Work order: Please reproduce the data exactly, though every picture must stay out.

Input data:

---+---

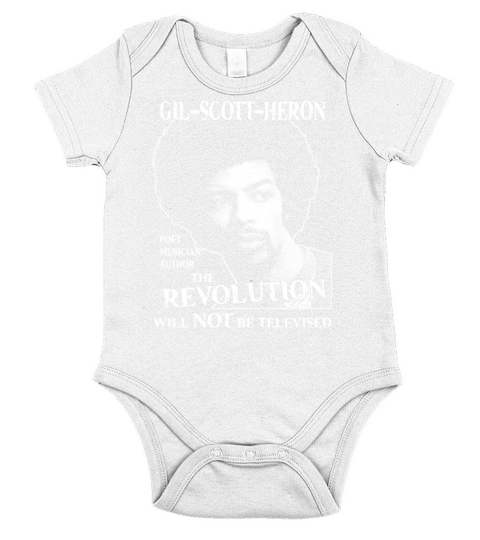 Gil-Scott Heron Short Sleeve Baby One-Piece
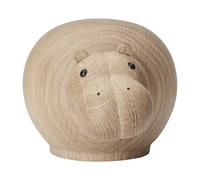 Woud Figura de madera Hibo hipopótamo Small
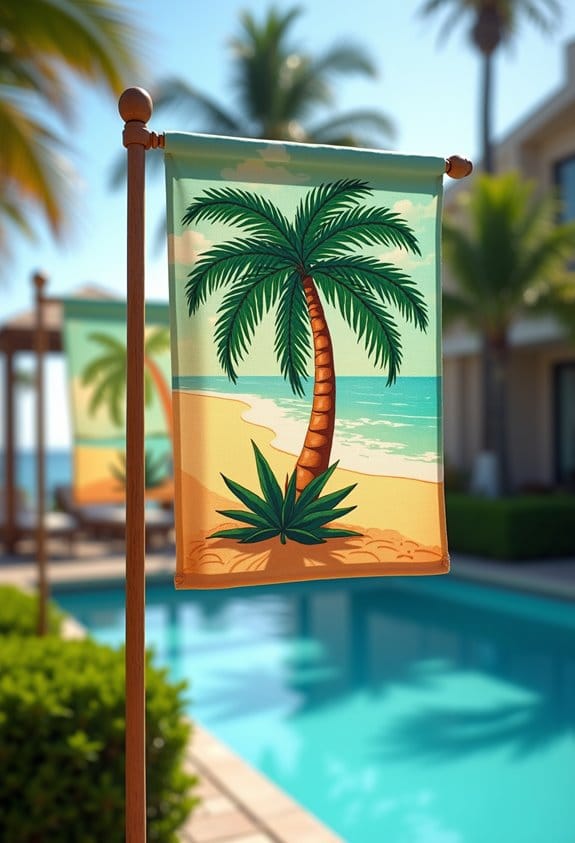 top palm tree flags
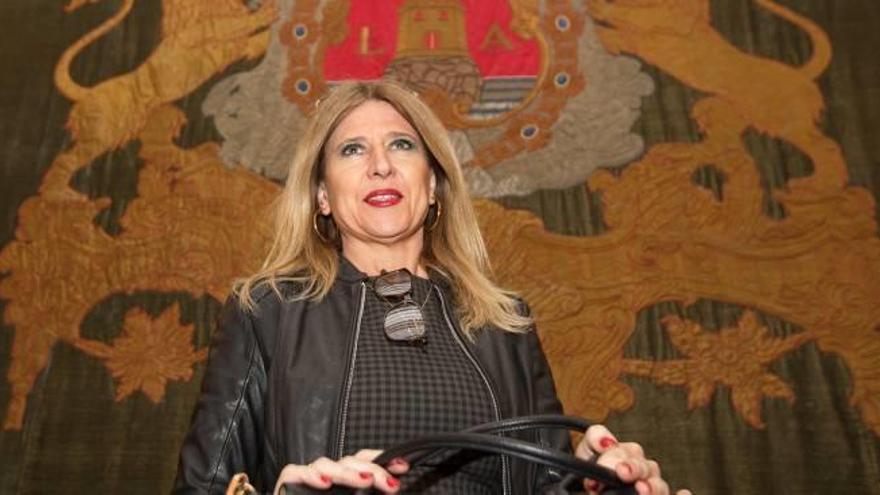 La concejala de Deportes y alcaldesa en funciones, Eva Montesinos, el pasado martes tras presidir el pleno municipal en el que se hizo oficial la dimisión de Echávarri.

---+---

Response to this task:
 Gil-Scott Heron Short Sleeve Baby One-Piece
 Woud Figura de madera Hibo hipopótamo Small
 top palm tree flags
 La concejala de Deportes y alcaldesa en funciones, Eva Montesinos, el pasado martes tras presidir el pleno municipal en el que se hizo oficial la dimisión de Echávarri.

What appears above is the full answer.